Social connections may not be among the primary concerns of everyone interested in a plant-based diet, but for some, like me, fellowship with family and friends is a consideration — a considerable one. So much human bonding occurs over food, it seems to me that rejecting the Standard American Diet, while perhaps a healthier and more humane path, can also be isolating.

It is one thing to reckon with the loss of Auntie’s famous collard greens cooked with ham hocks, traditional New Year’s Day chitterlings, fried chicken and other dishes, based on animal products that are not only pleasurable for many people to eat, but are also enshrined in personal and cultural histories, but how can vegetarians and vegans ease the impact of their choices on loved ones, who may see rejection of animal products as a much deeper rejection of love … of family … of race and ethnicity?
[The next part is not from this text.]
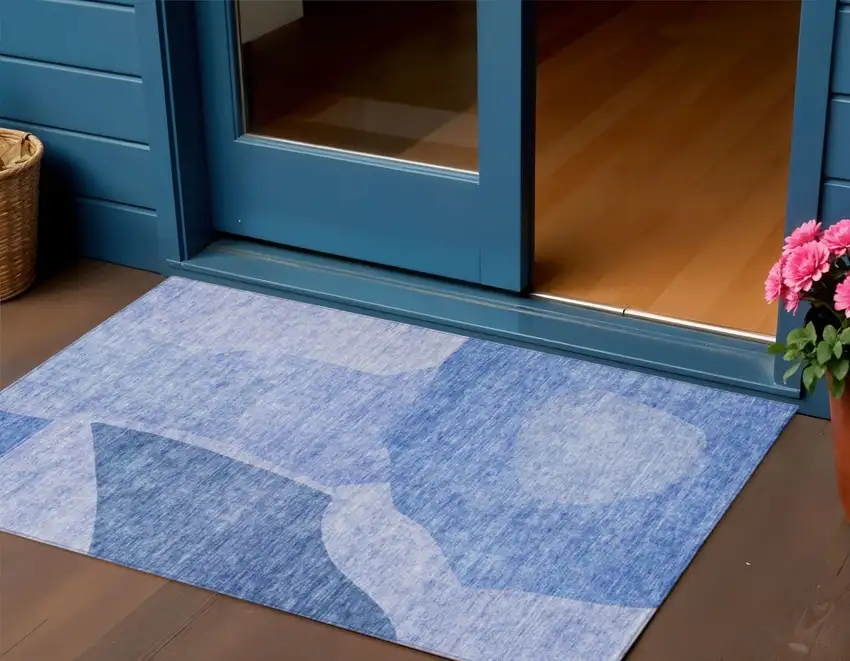 Navy Blue And Denim Blue Abstract Washable Indoor Outdoor Area Rug Photo 1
Or they may just find it weird. What about the damned ribbing? Girl, you know you want a piece of this chicken!

McQuirter’s mother and sister became vegan through their own exposure to Gregory and other thinkers on healthy eating. But most of the rest of her family, including another sister, remain meat eaters. And that is okay.

Those who eat plant-based diets can choose to arrive at gatherings post-meal for the socializing and togetherness. But vegetarians can also enjoy the fellowship of gatherings centered on food. McQuirter suggests bringing veggie versions of the foods on the menu. There are veggie versions of everything from ribs to chicken nuggets. (And making tasty meatless greens is criminally easy.)

“You can go to town, like my sister and my mother and I used to do when we first became vegan. We cooked all this food and brought it to family gatherings to impress our relatives and show them how good vegan food can be.

We did the vegan ambassador thing for a couple of Thanksgivings and then we just got tired of the teasing and tired of making all this food that no one was eating. We decided to just bring our food, fix our plates and come out and sit with everybody. We’re not going to talk about it. We’re not going to explain why we eat this way, other than, ‘Oh, I’m vegan now.’ We’re not going to respond to the teasing.

Eventually, our relatives stopped teasing. We stopped being self-righteous and pressed about it. This is our food. That’s your food. You don’t have to eat what I eat. I don’t have to eat what you eat. The end.”

McQuirter says it gets easier, but much of a peaceful social transition begins with “you.” “You have to be easy about it. At first, all you’re focused on is ‘I’m being different and people are going to call me out or ask questions or I’m going to be tempted. You just have to work through that.”

Knowledge is one key to an easy transition. The more you know about meat, how it comes to our plates and what animal products can do to our bodies, the less likely you are to succumb to temptation, McQuirter says–actually, the less likely you are to even be tempted. “You can sit at a table with folks eating fried chicken and not want it.”

But being smart about animal products doesn’t equal proselytizing. McQuirter stresses that there is no need to judge others or climb on a soapbox. Don’t be tiresome. “I never discuss food and nutrition at the table.”

Certain foods may provide “handles” to friends, family and culture, but new links can also be forged. I can reject the Standard American Diet and meat, without rejecting the things that are truly important to me.

Safran Foer writes:

“Our decisions about food are complicated by the fact that we don’t eat alone.

Some of my fondest memories are of weekly sushi dinners with my best friend; and eating my dad’s turkey burgers with mustard and grilled onions at backyard celebrations; and tasting the salty gefilte fish at my grandmother’s house every Passover. These occasions simply aren’t the same without those foods and that matters.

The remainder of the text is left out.